Kaba-saba konuşan, el şakalarıyla daha çok hayvan nesline yakınlık gösteren, medeniyetin epeyi uzağında kalmış nâdânların arasına birdenbire hâl, hareket ve duruşuyla nâzik, kibâr, vakûr, genç, nazlı bir kız giriverse, muhakkak o topluluğun bütün tavırları değişir. Enderûnlu Vâsıf’ın dizi dibine oturup, hepsi birden:
“O gül endâm bir âl şâle bürünsün yürüsün,
Ucu gönlüm gibi ardınca sürünsün yürüsün…”
diye serenâda başlamazlar mı? Türk yurdunun Dünyâ târîh sahnesine girişi, böyle bir genç kız salınışıdır.

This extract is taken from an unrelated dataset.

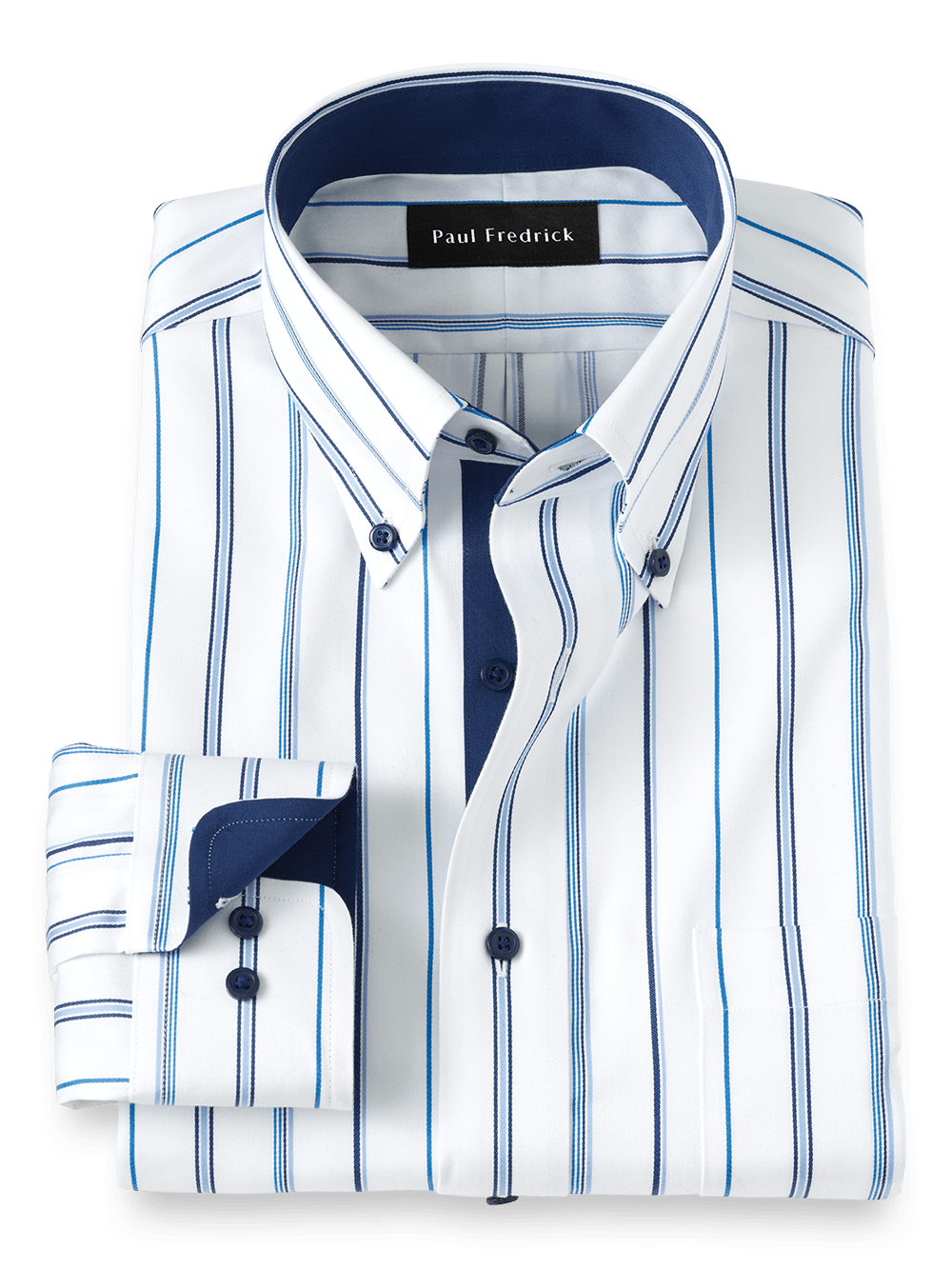 Product Image of Non-iron Cotton Stripe Dress Shirt With Contrast Trim-Blue
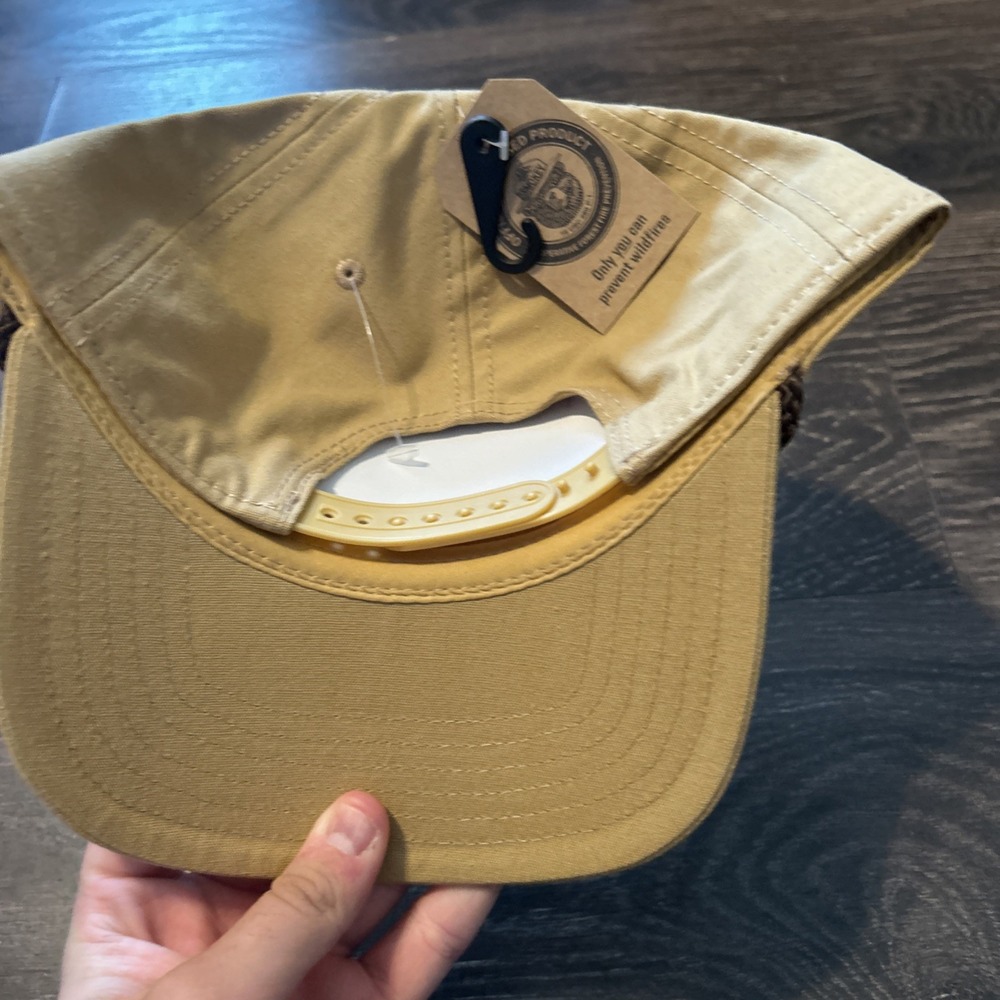 Smokey Bear Official Licensed Rope Hat 1944 Always Be Careful Tan Adjustable Cap - Picture 2 of 4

Bizim kız yetiştirme an’anemizde, mânevî yönelişler kadar, maddî tasarrufların da önemli yeri vardır. Çeyiz ve gelin sandığı âdetlerimiz, el’ân devâm etmektedir. Türk yurdunun, târîh boyunca düşman iştâhı kabartmasının, böyle bir gelin sandığına, çeyiz câzibesine, hattâ mahremiyetine uzanan sebepleri görülmüştür.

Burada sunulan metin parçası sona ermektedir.